What do you think will matter less in security five to ten years from now?
A few things I expect to matter less—or at least matter differently:
- Perimeter thinking as the default model. Not because networks disappear, but because identity, device posture, and service-to-service trust become the real control plane.
- Security theatre dashboards. More charts won’t fix weak execution. Outcome-driven measurement will replace vanity metrics.
- “Tool-first” security programs. Buying another platform won’t save you if your patching discipline, access model, and operational ownership are broken. Tools will commoditise; execution will differentiate.
- One-time compliance as the finish line. My “Continuous Compliance” Framework sets up foundations – Continuous assurance and continuous control operation will win over annual “big-bang” audit energy.
(And I hope we finally stop treating security awareness as a yearly ritual and start treating secure behaviour as a product of system design.)
Looking ahead 10 years, what do you believe security teams will spend most of their time on that they don’t today?
I think security teams will spend much more time on governing autonomy and complexity—especially machine-driven activity:
- Identity for non-humans: Managing and securing service identities, workloads, APIs, bots, and AI agents will be “the new perimeter.”

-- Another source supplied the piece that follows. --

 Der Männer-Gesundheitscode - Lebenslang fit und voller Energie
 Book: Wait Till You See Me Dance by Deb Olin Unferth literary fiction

- Continuous control enforcement (“policy as code” at scale): Controls won’t be documents; they’ll be guardrails embedded into build pipelines and platforms.
- Assurance of data and provenance: Knowing where data came from, how it moved, and what touched it will become central—especially with AI, automation, and regulatory pressure.

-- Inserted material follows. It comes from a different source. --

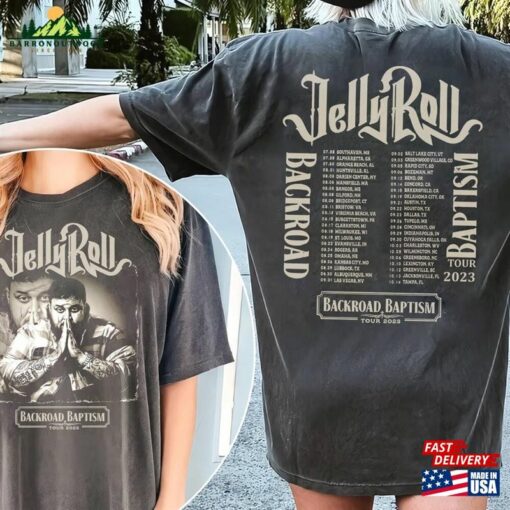 Backroad Baptism Graphic Shirt Tour 2023 Jellyroll Tshirt Hoodie T-Shirt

- Resilience engineering as a first-class discipline: Not just “prevent incidents,” but “assume compromise and recover fast,” with practiced, testable restoration and containment.
- Supply chain verification: Software and infrastructure will be increasingly assembled, not built. Security will focus on integrity, attestation, and trust frameworks.
In short: less time chasing alerts, more time building systems where compromise is contained and recovery is reliable.